Paiute Indians land dispute

Aug. 13, 1972: The caption with the article in that day’s Los Angeles Times stated: “Mrs. Lucille Gilbert, a full-blooded Paiute, stands outside her shack at edge of Bridgeport and hopes that United States will give Indian colony 20 acres of vacant federal land. She is one of about 60 members of group. In the background is Cecil Rambeau, her cousin.”

The members of the Paiute Indian colony in Central California’s Mono County, near Nevada, had long thought they owned the land through 1850s-era treaties.  But 18 treaties negotiated in 1851 and 1852 with California Indians were never ratified by the United State Senate.

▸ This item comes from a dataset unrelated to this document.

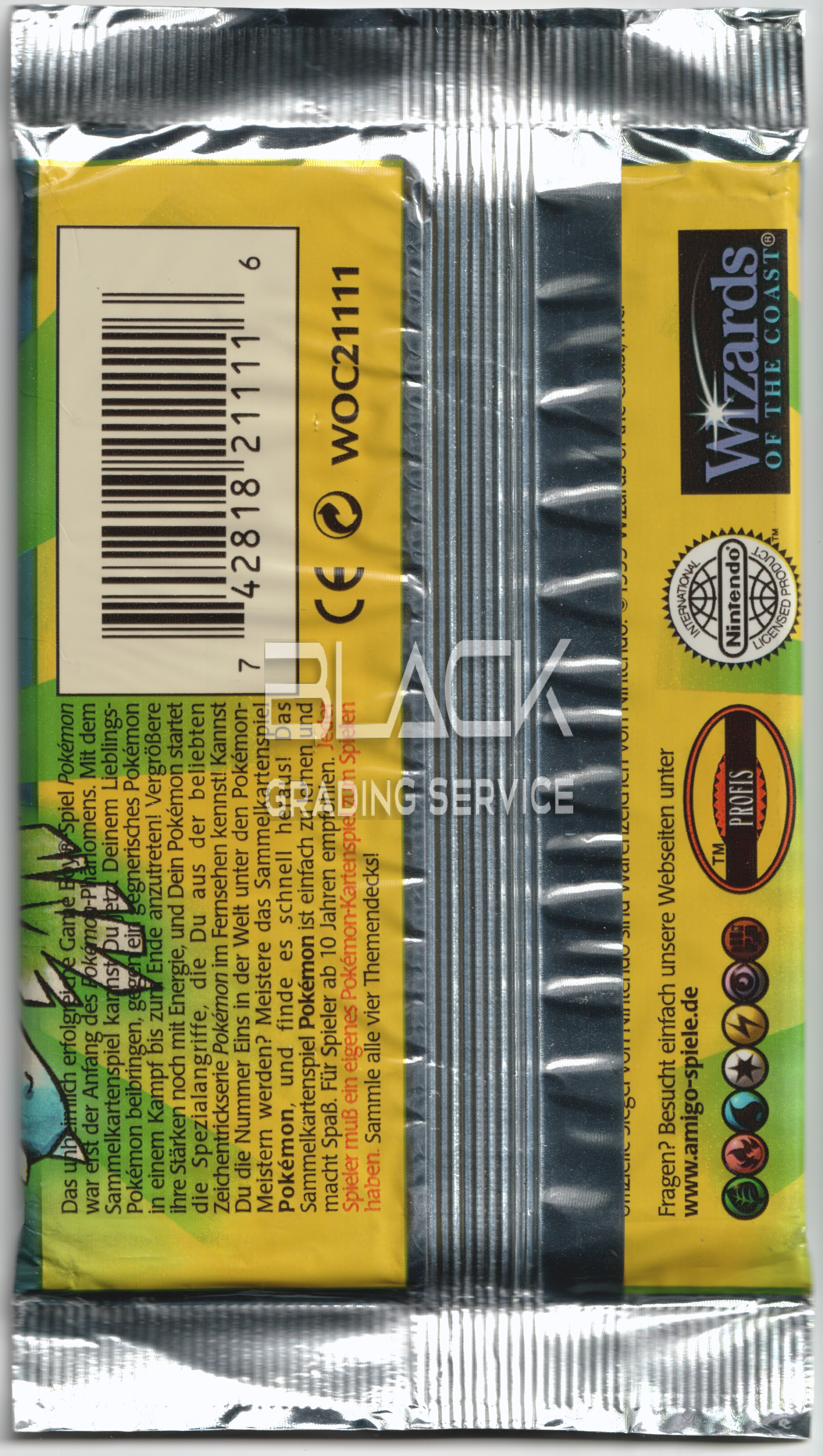 Back - Pokemon WOTC GER Base Set 1ST Edition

Ownership of their 20 acres had slipped into private hands. The Bridgeport Paiute Colony now faced possible eviction. But in 1974, President Gerald Ford signed a bill by Sen. Alan Cranston (D-Calif.) handing over 40 acres of adjacent federal land.

This photo by L.A. Times photographer John Malmin accompanied an in-depth article by Times staff writer Jack Jones on the plight of the Bridgeport Paiute Indian Colony.

3 Comments

  1. October 20, 2010, 3:47 pm

    It's Mono County, not Mona County.

    By: bre
  2. December 20, 2011, 2:11 pm

    Yes there were 18 Unratified Treaties but there was the treaty that was ratified in 1850 and signed in 1849. This Treaty is in Federal Court now because the Paiutes that are under it were held as slaves until 1924. And we now have the ability to try to reenter into negotiations with the Federal government for our rights under the Treaty. The people under this Treaty are the largest Tribe in California and were the first to have a Reservation, Tejon/Sebastian Reservation. Now we have no Reservation and are not Recognized by the Federal Government because of our right to claim under Treaty. Genocide seems to still be the rule of law.
    Chair David Laughing Horse Robinson, Kawaiisu Tribe of Tejon

    By: Horse.Robinson
  3. February 29, 2012, 11:55 am

    I rember as a younger man, we would travel to Bridgeport and playhandgame with our relations from there. Its sad to hear about our people in these time we are steal having our lands taken away. What more do the non-native people wont ? Very sad!!!